Long-format pandas DataFrame with group identifiers as rows and columns: ‘name’ (identifier), ‘y’ (LFQ intensity), ‘symbol’ and ‘size’.

Example:

result = get_ranking_with_markers(data, drop_columns=['sample', 'subject'], group='group', columns=['name', 'y'], list_markers, annotation={})

extract_number_missing(data, min_valid, drop_cols=['sample'], group='group')[source]¶

Counts how many valid values exist in each column and filters column labels with more valid values than the minimum threshold defined.

Parameters

data – pandas DataFrame with group as rows and protein identifier as column.
group (str) – column label containing group identifiers. If None, number of valid values is counted across all samples, otherwise is counted per unique group identifier.
min_valid (int) – minimum number of valid values to be filtered.
drop_columns (list) – column labels to be dropped.

Returns

List of column labels above the threshold.

Example:

result = extract_number_missing(data, min_valid=3, drop_cols=['sample'], group='group')

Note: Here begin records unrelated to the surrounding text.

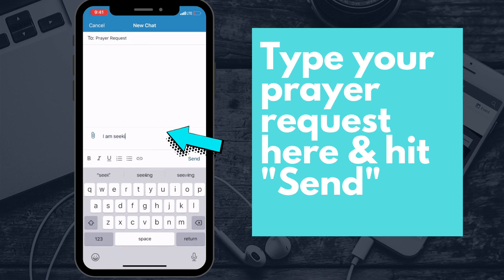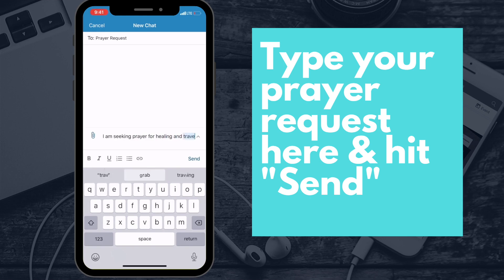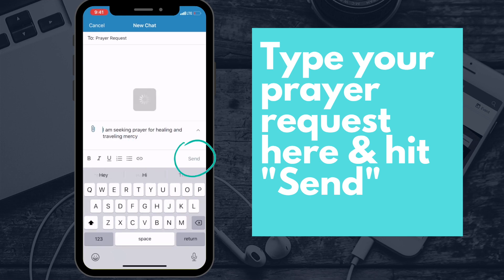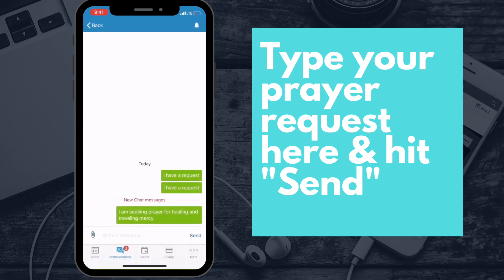Also indicate if you would like a return call and then just press send. Your message will immediately be sent to the prayer ministry team and you will receive a response that your request has been received.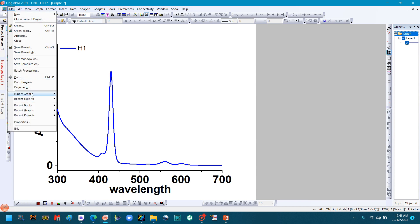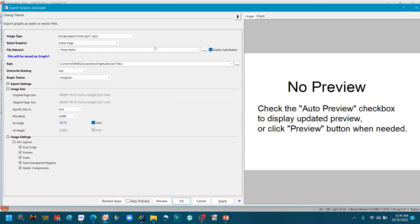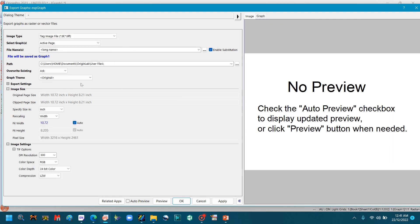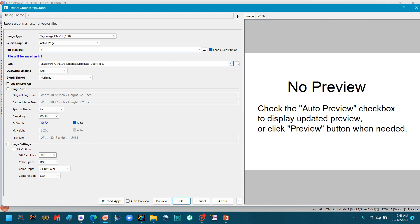Then you can make the TIFF file. Go to File, Export Graph, open the dialog, change its image type to Tag Image TIFF. You can also change the name of the graph.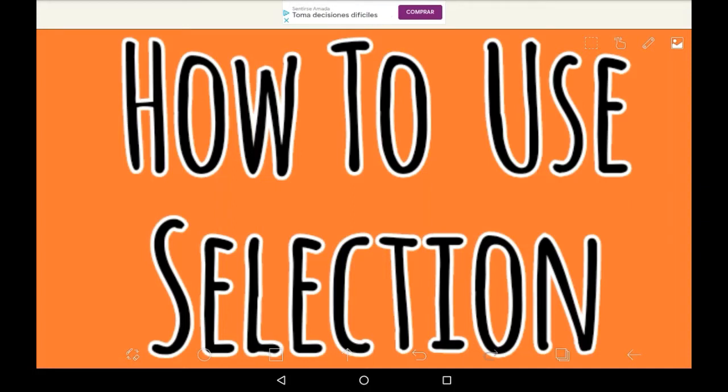Hey everybody, welcome back to another Ibis Paint video. Today I'm going to be showing you how to use a selection layer in Ibis Paint X.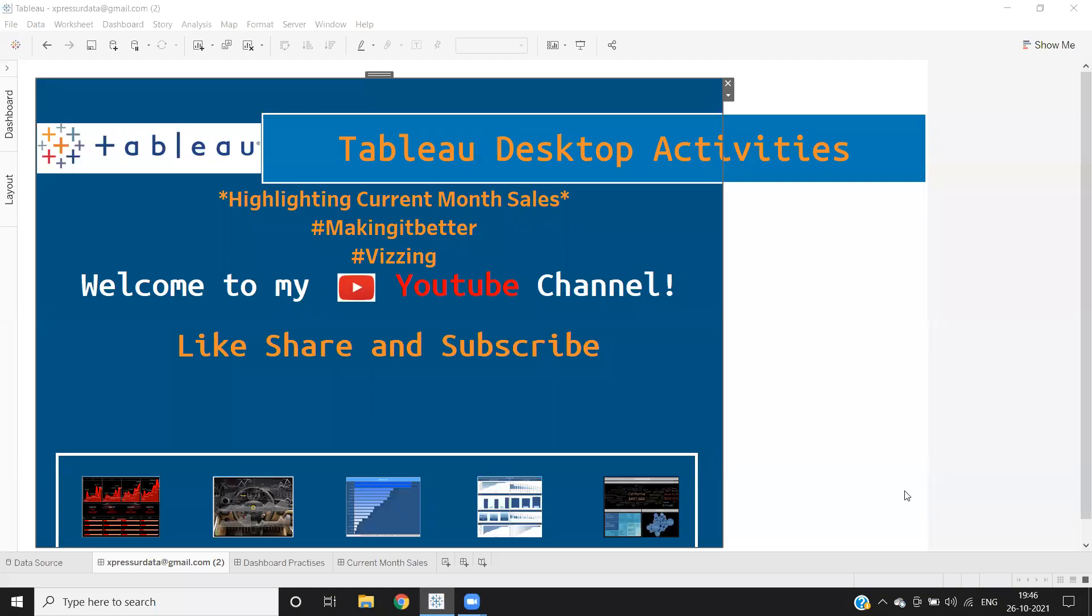Hello everyone, welcome to my YouTube channel. In today's video, we'll learn one of the very important use cases: highlighting your current month sales.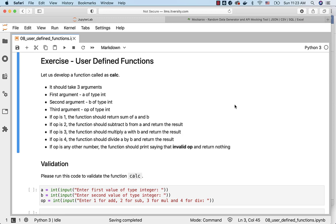For now, we'll use simple arguments or parameters to solve this problem. The function name has to be calc. It should take three arguments. The first argument is a of type int. The second argument is b of type int. The third argument is op or operation, also of type int.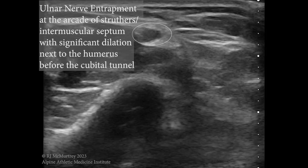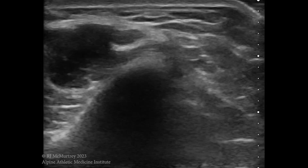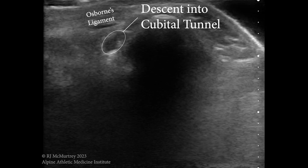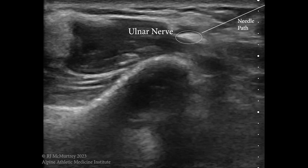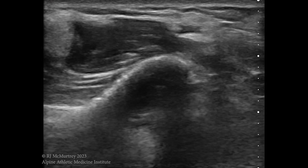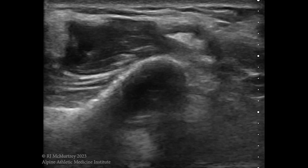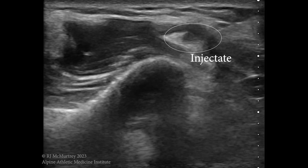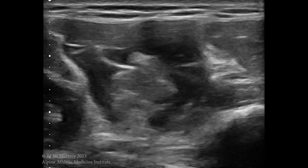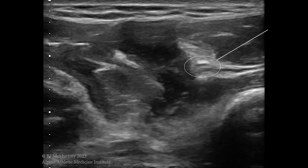I also had a patient a couple months ago with an ulnar nerve entrapment at the arcade of Struthers — actually it was slightly higher, at the medial intermuscular septum. The fibrosis around the nerve was really obvious and the nerve was significantly dilated. You can see the nerve dilated next to the humerus bone, and then the nerve diving down into the cubital tunnel. The injection is actually easier to do in the arm than down at the cubital tunnel — it was a matter of dissecting into the thickened fascia surrounding the nerve and getting good spread into the nerve sheath and fibrous bands to loosen up those tissues.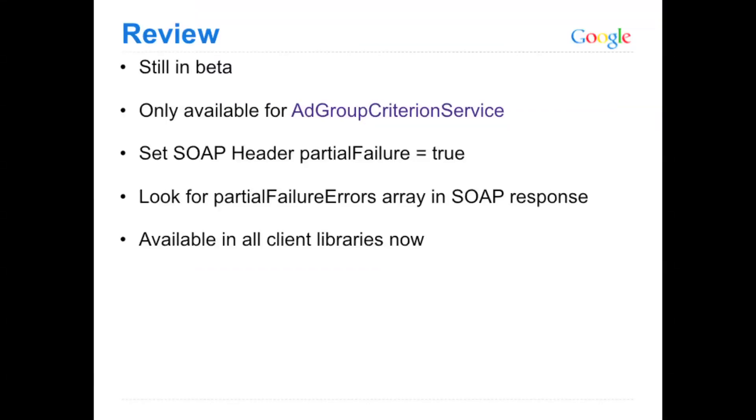So in review, it's still in beta. It's only available for the AdGroup Criterion Service. You just have to set the SOAP header partial failure equal to true to enable it. And then finally look for the partial failure error in your responses to identify them.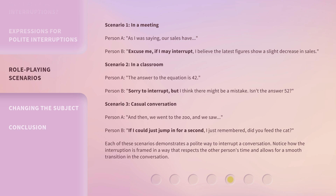Scenario 3 — Casual conversation: Person A: 'And then we went to the zoo, and we saw...' Person B: 'If I could just jump in for a second, I just remembered — did you feed the cat?' Each of these scenarios demonstrates a polite way to interrupt a conversation. Notice how the interruption is framed in a way that respects the other person's time and allows for a smooth transition in the conversation.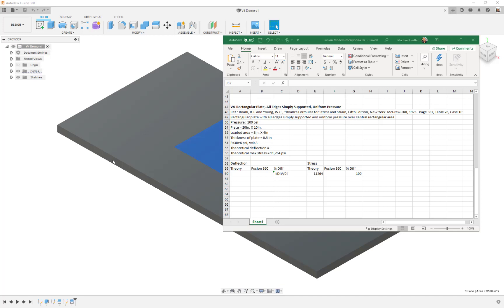Hi, this is Mike. Welcome to this Fusion simulation validation example. In this one we're going to do a rectangular plate with all edges simply supported and a uniform pressure. It comes from Rourke and Young, Formulas for Stress and Strain, 5th edition, 1975, page 387, table 26, case 1C.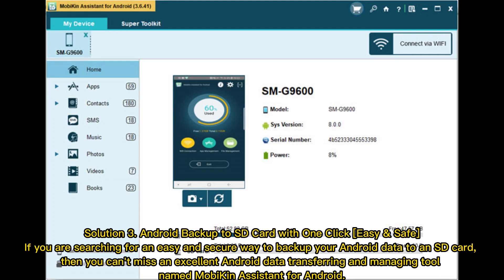Solution 3: Android backup to SD card with one click — easy and safe. If you are searching for an easy and secure way to backup your Android data to an SD card, then you can't miss an excellent Android data transferring and managing tool named Mobikin Assistant for Android.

extract_percentage_missing(data, missing_max, drop_cols=['sample'], group='group', how='all')[source]¶

Extracts ratio of missing/valid values in each column and filters column labels with lower ratio than the minimum threshold defined.

Parameters

data – pandas dataframe with group as rows and protein identifier as column.
group (str) – column label containing group identifiers. If None, ratio is calculated across all samples, otherwise is calculated per unique group identifier.
missing_max (float) – maximum ratio of missing/valid values to be filtered.
how (str) – define if labels with a higher percentage of missing values than the threshold in any group (‘any’) or in all groups (‘all’) should be filtered

Returns

List of column labels below the threshold.

Example::: result = extract_percentage_missing(data, missing_max=0.3, drop_cols=[‘sample’], group=’group’)

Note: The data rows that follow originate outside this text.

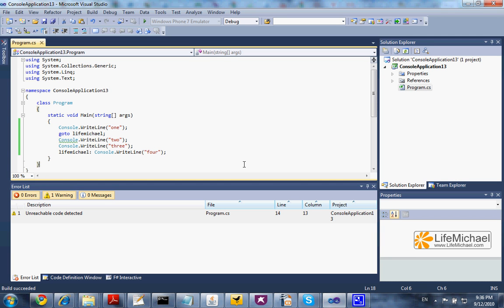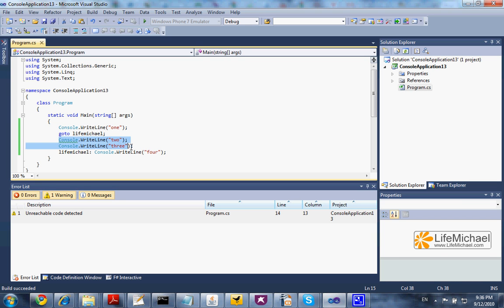In order to use the goto command in C#, we just need to place a label together with a specific command. In this case, this is the command we place together with the label LifeMichael. Then when we type goto together with a specific label, the execution will skip these two lines and the output will include the words 'one' and 'four' only.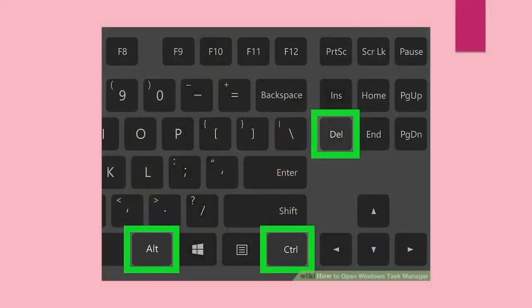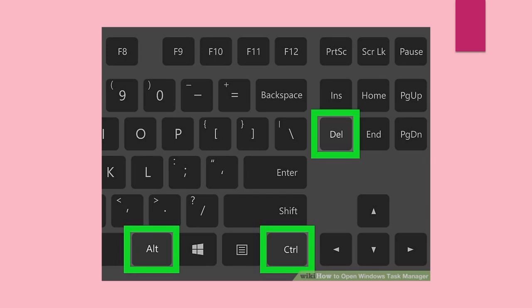On your keyboard, click Alt, hold the key and click Control, hold the key and then click Delete. This combination of keys will bring you to this screen.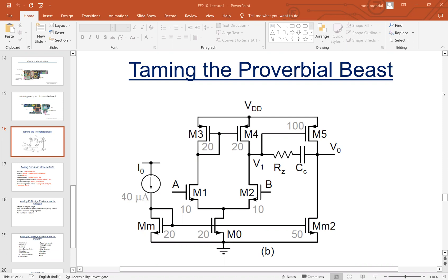This is an open-loop configuration — the feedback loop is not closed. Now, since we are looking at this, can you comment on: if I have to put it in negative feedback and you need unity gain feedback — that is k equal to one — then V0 will either connect to terminal A or terminal B. Where should I connect V0 to?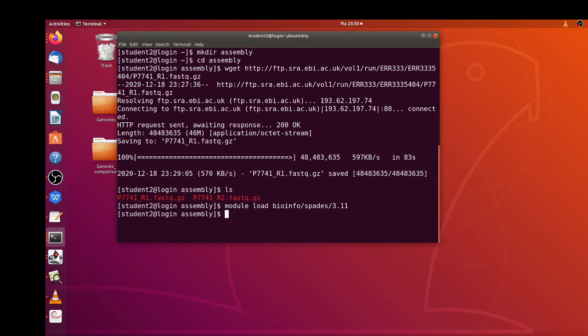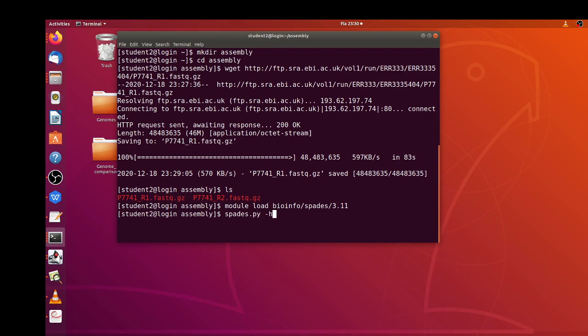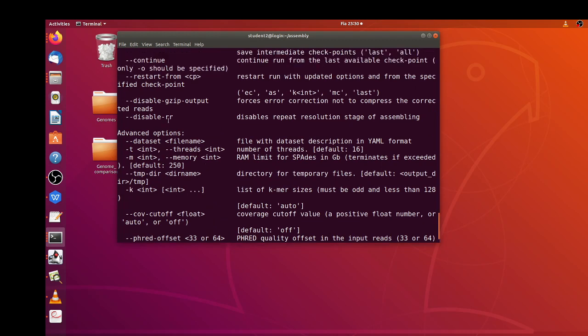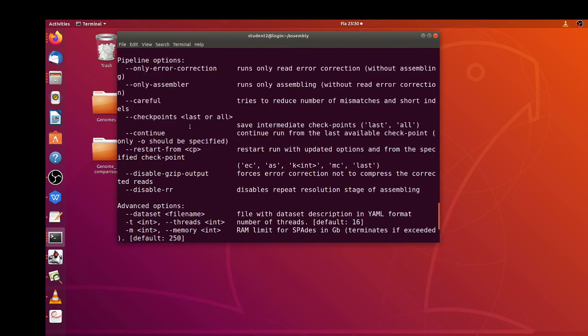Okay, so SPAdes has been loaded. Before we proceed, you can check the help command using spades.py -h. That gives you the help command so we have the various options and then what they mean.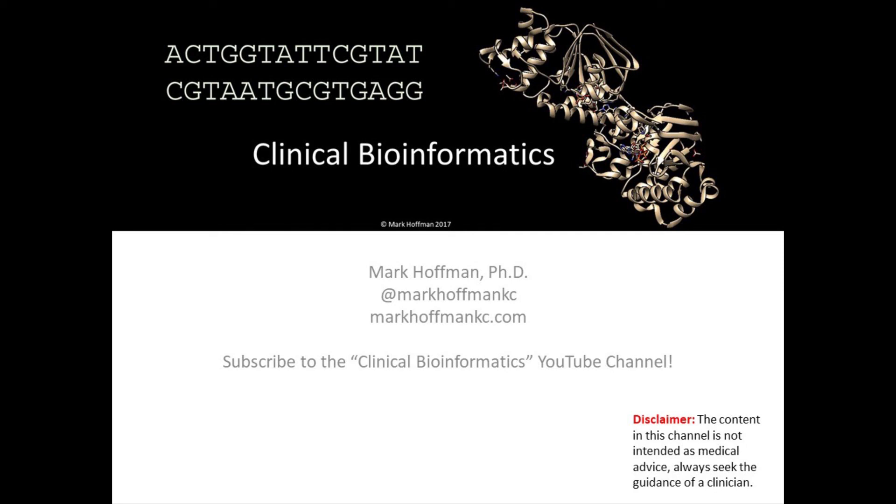So in this session we've learned how to design an RFLP diagnostic test.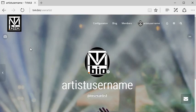Hello and welcome back to another tutorial from TVM.bio. It's easy to change your profile picture.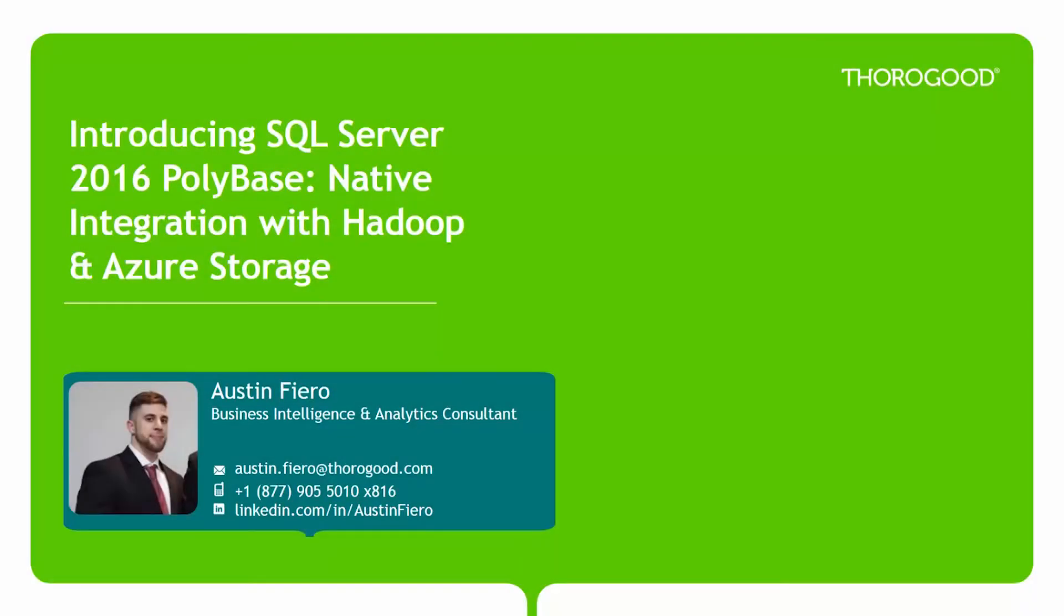Hello and welcome to Thorogood's presentation on introducing SQL Server 2016 PolyBase native integration with Hadoop and Azure storage. My name is Austin Fierro and I'm a business intelligence and analytics consultant with Thorogood. So let's get started.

imputation_KNN(data, drop_cols=['group', 'sample', 'subject'], group='group', cutoff=0.6, alone=True)[source]¶

k-Nearest Neighbors imputation for pandas dataframes with missing data. For more information visit https://github.com/iskandr/fancyimpute/blob/master/fancyimpute/knn.py.

Parameters

data – pandas dataframe with samples as rows and protein identifiers as columns (with additional columns ‘group’, ‘sample’ and ‘subject’).
group (str) – column label containing group identifiers.
drop_cols (list) – column labels to be dropped. Final dataframe should only have gene/protein/etc identifiers as columns.
cutoff (float) – minimum ratio of missing/valid values required to impute in each column.
alone (boolean) – if True removes all columns with any missing values.

Returns

Pandas dataframe with samples as rows and protein identifiers as columns.

Example:

result = imputation_KNN(data, drop_cols=['group', 'sample', 'subject'], group='group', cutoff=0.6, alone=True)

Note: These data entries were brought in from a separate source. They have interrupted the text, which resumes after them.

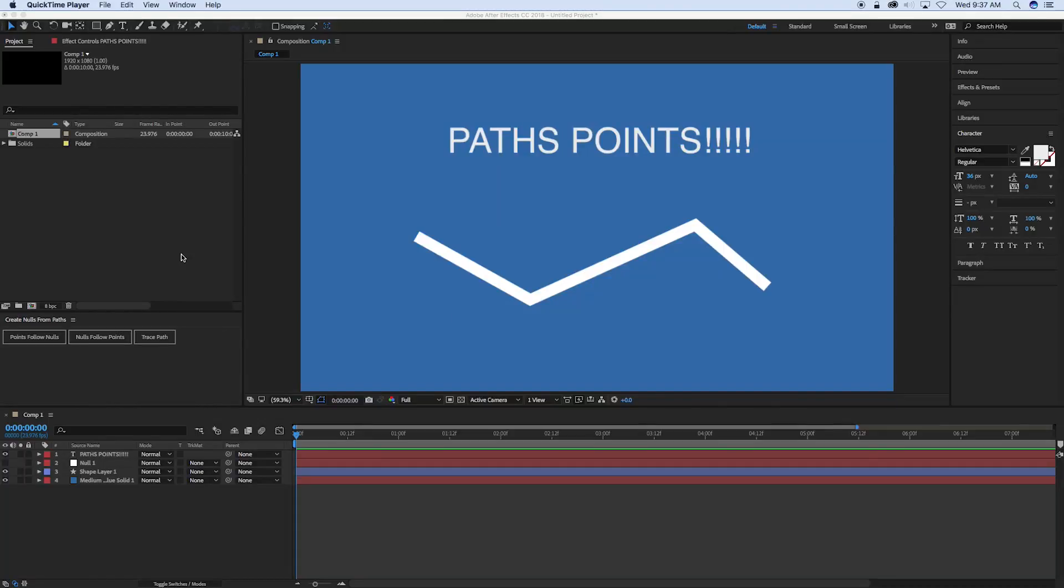Hey, this is Mikey with another After Effects tutorial. Today is the first day of Adobe Max 2017, and lo and behold, the new updates to After Effects, Premiere, Photoshop and all the things are out and ready to download.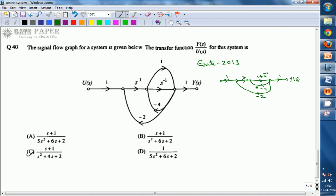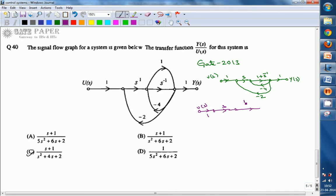Now we are going to simplify this. The negative feedback is simplified as: if it is G and this is H, we have G divided by 1 plus GH form. So we will write here — the input is U(s) and the output is Y(s). The gain of 1, and here it is s. The gain of s. And here we will get this in G divided by 1 plus GH form. So G means 1 plus s-inverse, divided by 1 plus GH, which is 4 into 1 plus s-to-the-minus-1. And here the output is Y(s).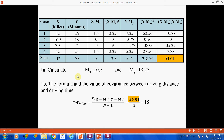Given the average values of both variables, we can calculate the deviation for each. The deviation formula is: individual value minus the average value of that variable. For variable x with mean 10.5: the first value 12 minus 10.5 gives 1.5; the second value 10.5 minus 10.5 gives 0; the third value 7.5 minus the mean gives negative 3; and the last value 12 minus the mean gives 1.5. This column is the deviation for variable x.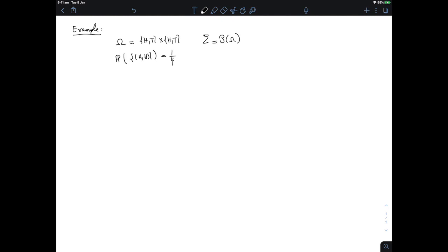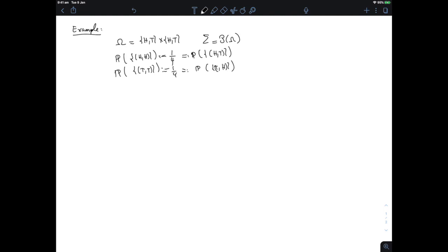So probability one-fourth to the singleton {HH}, the same for {HT}, the same for {TT}, and the same for {TH}. Now, my sub-sigma algebra σ₀ is going to describe what happened after the first toss. So I'm going to put in it the empty set and the full space — because without those I don't have a sigma algebra — and then two events.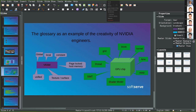Memory in CUDA can be global, local, constant, page-locked, texture, or unified. There's also shared memory — not shown — which is placed on the GPU chip itself, like a general-purpose cache. For the GPU chip there are many terms: grid, block, thread, SIMT (single instruction multiple threads), shader model, lane, and warp. Let me explain what these are all about, starting with memory.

imputation_mixed_norm_KNN(data, index_cols=['group', 'sample', 'subject'], shift=1.8, nstd=0.3, group='group', cutoff=0.6)[source]¶

Missing values are replaced in two steps: 1) using k-Nearest Neighbors we impute protein columns with a higher ratio of missing/valid values than the defined cutoff, 2) the remaining missing values are replaced by random numbers that are drawn from a normal distribution.

Parameters

data – pandas dataframe with samples as rows and protein identifiers as columns (with additional columns ‘group’, ‘sample’ and ‘subject’).
group (str) – column label containing group identifiers.
index_cols (list) – list of column labels to be set as dataframe index.
shift (float) – specifies the amount by which the distribution used for the random numbers is shifted downwards. This is in units of the standard deviation of the valid data.
nstd (float) – defines the width of the Gaussian distribution relative to the standard deviation of measured values. A value of 0.5 would mean that the width of the distribution used for drawing random numbers is half of the standard deviation of the data.
cutoff (float) – minimum ratio of missing/valid values required to impute in each column.

Returns

Pandas dataframe with samples as rows and protein identifiers as columns.

Example:

result = imputation_mixed_norm_KNN(data, index_cols=['group', 'sample', 'subject'], shift = 1.8, nstd = 0.3, group='group', cutoff=0.6)

imputation_normal_distribution(data, index_cols=['group', 'sample', 'subject'], shift=1.8, nstd=0.3)[source]¶

Missing values will be replaced by random numbers that are drawn from a normal distribution. The imputation is done for each sample (across all proteins) separately. For more information visit http://www.coxdocs.org/doku.php?id=perseus:user:activities:matrixprocessing:imputation:replacemissingfromgaussian.

Parameters

data – pandas dataframe with samples as rows and protein identifiers as columns (with additional columns ‘group’, ‘sample’ and ‘subject’).
index_cols (list) – list of column labels to be set as dataframe index.
shift (float) – specifies the amount by which the distribution used for the random numbers is shifted downwards. This is in units of the standard deviation of the valid data.
nstd (float) – defines the width of the Gaussian distribution relative to the standard deviation of measured values. A value of 0.5 would mean that the width of the distribution used for drawing random numbers is half of the standard deviation of the data.

Returns

Pandas dataframe with samples as rows and protein identifiers as columns.

Example:

result = imputation_normal_distribution(data, index_cols=['group', 'sample', 'subject'], shift = 1.8, nstd = 0.3)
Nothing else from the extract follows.